Assignment: Generating a Correlation Coefficient
22 Aug 2016Program and outputs
%matplotlib inline
import pandas
import numpy
import scipy
import seaborn
import matplotlib.pyplot as plt
data = pandas.read_csv('gapminder.csv')
print('Total number of countries: {0}'.format(len(data)))
Total number of countries: 213
# Convert numeric types
data['incomeperperson'] = pandas.to_numeric(data['incomeperperson'], errors='coerce')
data['alcconsumption'] = pandas.to_numeric(data['alcconsumption'], errors='coerce')
data['lifeexpectancy'] = pandas.to_numeric(data['lifeexpectancy'], errors='coerce')
clean = data[['incomeperperson', 'alcconsumption', 'lifeexpectancy']].dropna()
scat1 = seaborn.regplot(x='incomeperperson', y='lifeexpectancy', fit_reg=True, data=clean, logx=True)
plt.xlabel('Income per Person')
plt.ylabel('Life Expectancy')
plt.title('Scatterplot for the Association between Income per Person and Life Expectancy')
print('Association between Income per Person and Life Expectancy')
print(scipy.stats.pearsonr(clean['incomeperperson'], clean['lifeexpectancy']))
Association between Income per Person and Life Expectancy
(0.59534257610705288, 8.874239655396052e-18)
scat2 = seaborn.regplot(x='alcconsumption', y='lifeexpectancy', fit_reg=True, data=clean)
plt.xlabel('Alcohol Consumption')
plt.ylabel('Life Expectancy')
plt.title('Scatterplot for the Association between Alcohol Consumption and Life Expectancy')
print('Association between Alcohol Consumption and Life Expectancy')
print(scipy.stats.pearsonr(clean['alcconsumption'], clean['lifeexpectancy']))

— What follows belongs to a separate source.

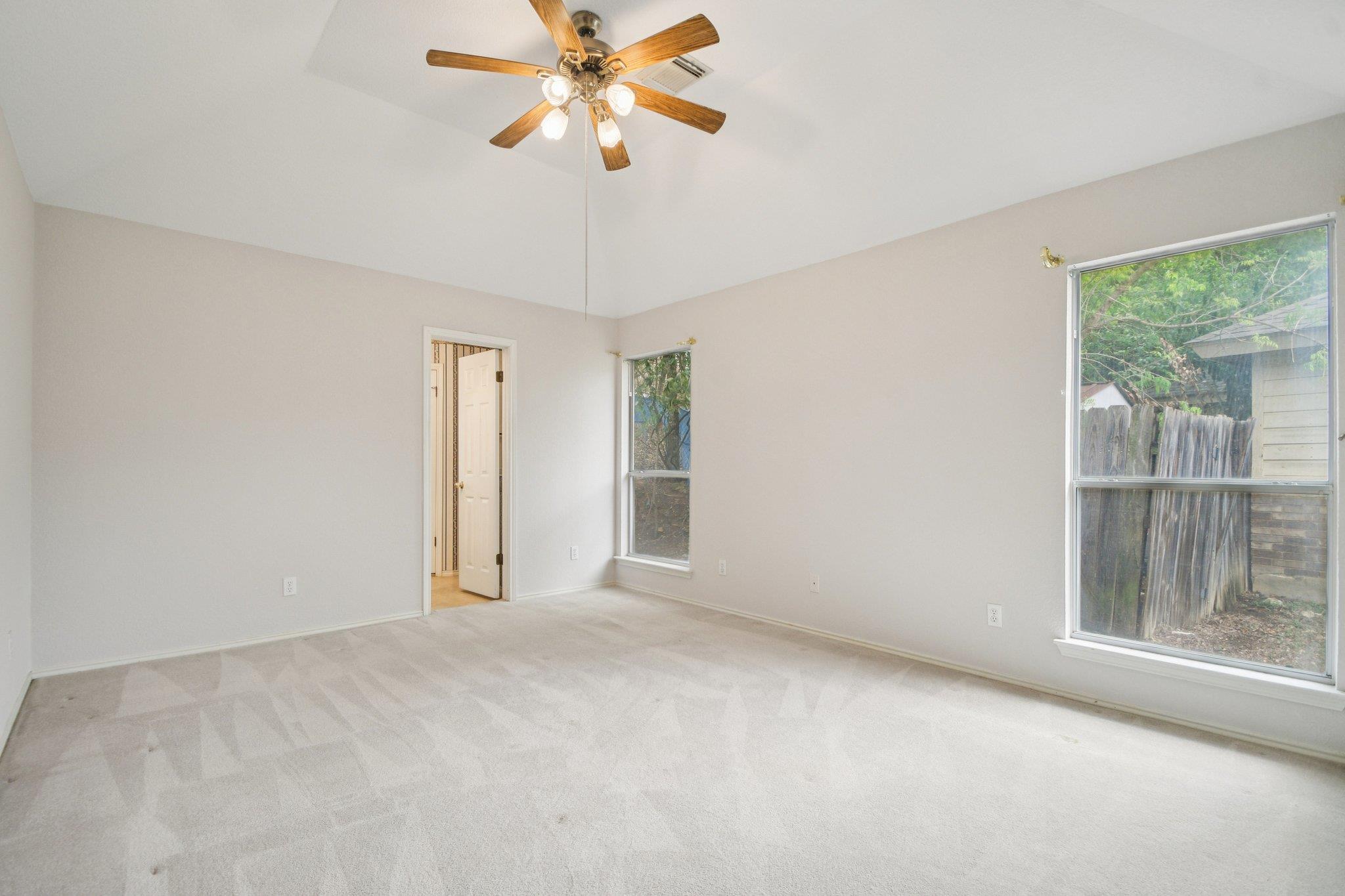 604 Clyde Ct, San Marcos, TX 78666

Association between Alcohol Consumption and Life Expectancy
(0.29893173996914729, 7.1401036474160216e-05)
Summary
There is a significant difference between my two graphs, and the second one definitely doesn’t look significant.
There is a strong correlation between Income per Person and Life Expectancy. This has a very low p value, so we can say that this is significant.
There is a much weaker correlation between Alcohol Consumption and Life Expectancy, but the p value is still fairly low, so at least we can be confident about it.